== DIRECTIONS FOR THIS TASK ==
Sort through the data and copy the lines holding the word "with".

== DATA TO EXAMINE ==
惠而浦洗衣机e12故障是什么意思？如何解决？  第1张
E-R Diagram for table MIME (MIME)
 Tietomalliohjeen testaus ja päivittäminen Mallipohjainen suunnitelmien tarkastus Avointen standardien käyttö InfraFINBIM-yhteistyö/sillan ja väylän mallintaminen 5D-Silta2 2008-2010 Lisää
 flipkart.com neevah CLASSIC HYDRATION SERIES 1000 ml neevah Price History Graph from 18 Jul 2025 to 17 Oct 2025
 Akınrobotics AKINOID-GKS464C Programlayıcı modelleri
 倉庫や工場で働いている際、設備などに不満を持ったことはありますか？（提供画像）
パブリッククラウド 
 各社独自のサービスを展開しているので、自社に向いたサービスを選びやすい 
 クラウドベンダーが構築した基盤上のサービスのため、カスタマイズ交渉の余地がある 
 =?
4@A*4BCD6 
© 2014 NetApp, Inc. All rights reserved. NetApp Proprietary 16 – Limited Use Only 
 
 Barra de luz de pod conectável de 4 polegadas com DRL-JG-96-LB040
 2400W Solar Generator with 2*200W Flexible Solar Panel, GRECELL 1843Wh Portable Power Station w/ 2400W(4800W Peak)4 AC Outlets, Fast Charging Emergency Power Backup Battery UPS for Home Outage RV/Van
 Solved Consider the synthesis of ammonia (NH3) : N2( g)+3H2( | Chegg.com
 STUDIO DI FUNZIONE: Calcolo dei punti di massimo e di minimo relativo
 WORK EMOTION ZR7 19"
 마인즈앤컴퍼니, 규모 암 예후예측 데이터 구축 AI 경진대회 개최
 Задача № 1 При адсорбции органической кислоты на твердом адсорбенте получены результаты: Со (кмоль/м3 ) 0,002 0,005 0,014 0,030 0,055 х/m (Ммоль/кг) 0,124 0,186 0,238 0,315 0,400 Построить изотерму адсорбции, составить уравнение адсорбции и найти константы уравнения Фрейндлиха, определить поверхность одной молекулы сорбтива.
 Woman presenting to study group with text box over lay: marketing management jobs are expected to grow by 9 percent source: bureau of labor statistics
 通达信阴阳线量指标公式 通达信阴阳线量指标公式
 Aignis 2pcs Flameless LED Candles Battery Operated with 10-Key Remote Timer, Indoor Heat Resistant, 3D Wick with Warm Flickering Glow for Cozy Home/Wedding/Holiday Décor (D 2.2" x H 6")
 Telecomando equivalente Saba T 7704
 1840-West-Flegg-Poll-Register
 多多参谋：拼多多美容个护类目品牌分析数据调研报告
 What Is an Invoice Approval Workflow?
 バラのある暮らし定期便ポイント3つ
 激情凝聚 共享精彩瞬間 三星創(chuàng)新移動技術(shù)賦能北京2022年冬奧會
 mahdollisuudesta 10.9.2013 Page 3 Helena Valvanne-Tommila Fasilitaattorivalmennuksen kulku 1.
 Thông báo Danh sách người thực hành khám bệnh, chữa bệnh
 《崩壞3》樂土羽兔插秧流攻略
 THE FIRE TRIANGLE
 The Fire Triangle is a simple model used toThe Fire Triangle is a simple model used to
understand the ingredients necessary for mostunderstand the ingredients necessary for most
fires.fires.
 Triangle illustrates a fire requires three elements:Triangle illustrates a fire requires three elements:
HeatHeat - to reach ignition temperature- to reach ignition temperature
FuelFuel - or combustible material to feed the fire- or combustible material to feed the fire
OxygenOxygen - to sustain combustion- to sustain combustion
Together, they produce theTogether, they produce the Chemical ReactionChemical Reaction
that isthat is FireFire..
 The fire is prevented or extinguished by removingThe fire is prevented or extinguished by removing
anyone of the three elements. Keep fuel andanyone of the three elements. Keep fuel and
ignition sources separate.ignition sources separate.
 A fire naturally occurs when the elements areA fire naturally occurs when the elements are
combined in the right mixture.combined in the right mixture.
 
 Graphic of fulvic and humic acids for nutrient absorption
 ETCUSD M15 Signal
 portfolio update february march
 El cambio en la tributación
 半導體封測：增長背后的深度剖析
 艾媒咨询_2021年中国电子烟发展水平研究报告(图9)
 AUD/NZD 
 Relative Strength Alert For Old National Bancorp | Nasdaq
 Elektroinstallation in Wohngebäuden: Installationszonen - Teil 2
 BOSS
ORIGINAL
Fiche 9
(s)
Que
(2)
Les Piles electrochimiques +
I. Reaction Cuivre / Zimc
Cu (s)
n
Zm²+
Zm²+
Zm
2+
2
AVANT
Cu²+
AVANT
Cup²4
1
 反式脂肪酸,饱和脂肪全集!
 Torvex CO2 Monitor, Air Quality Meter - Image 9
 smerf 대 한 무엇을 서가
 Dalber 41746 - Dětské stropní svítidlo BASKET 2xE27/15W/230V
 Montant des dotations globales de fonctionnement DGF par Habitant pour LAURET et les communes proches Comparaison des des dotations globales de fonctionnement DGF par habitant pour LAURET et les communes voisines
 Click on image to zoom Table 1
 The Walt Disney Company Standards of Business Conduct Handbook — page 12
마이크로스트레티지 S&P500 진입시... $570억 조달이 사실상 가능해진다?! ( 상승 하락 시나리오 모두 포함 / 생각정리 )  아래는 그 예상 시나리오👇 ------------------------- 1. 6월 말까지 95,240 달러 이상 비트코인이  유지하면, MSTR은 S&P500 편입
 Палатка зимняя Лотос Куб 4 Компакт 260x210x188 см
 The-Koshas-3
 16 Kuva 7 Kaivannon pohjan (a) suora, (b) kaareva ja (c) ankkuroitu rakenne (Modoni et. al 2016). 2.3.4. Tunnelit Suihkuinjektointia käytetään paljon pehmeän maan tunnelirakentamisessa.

== EXERCISE SOLUTION ==
 2400W Solar Generator with 2*200W Flexible Solar Panel, GRECELL 1843Wh Portable Power Station w/ 2400W(4800W Peak)4 AC Outlets, Fast Charging Emergency Power Backup Battery UPS for Home Outage RV/Van
 Woman presenting to study group with text box over lay: marketing management jobs are expected to grow by 9 percent source: bureau of labor statistics
 Aignis 2pcs Flameless LED Candles Battery Operated with 10-Key Remote Timer, Indoor Heat Resistant, 3D Wick with Warm Flickering Glow for Cozy Home/Wedding/Holiday Décor (D 2.2" x H 6")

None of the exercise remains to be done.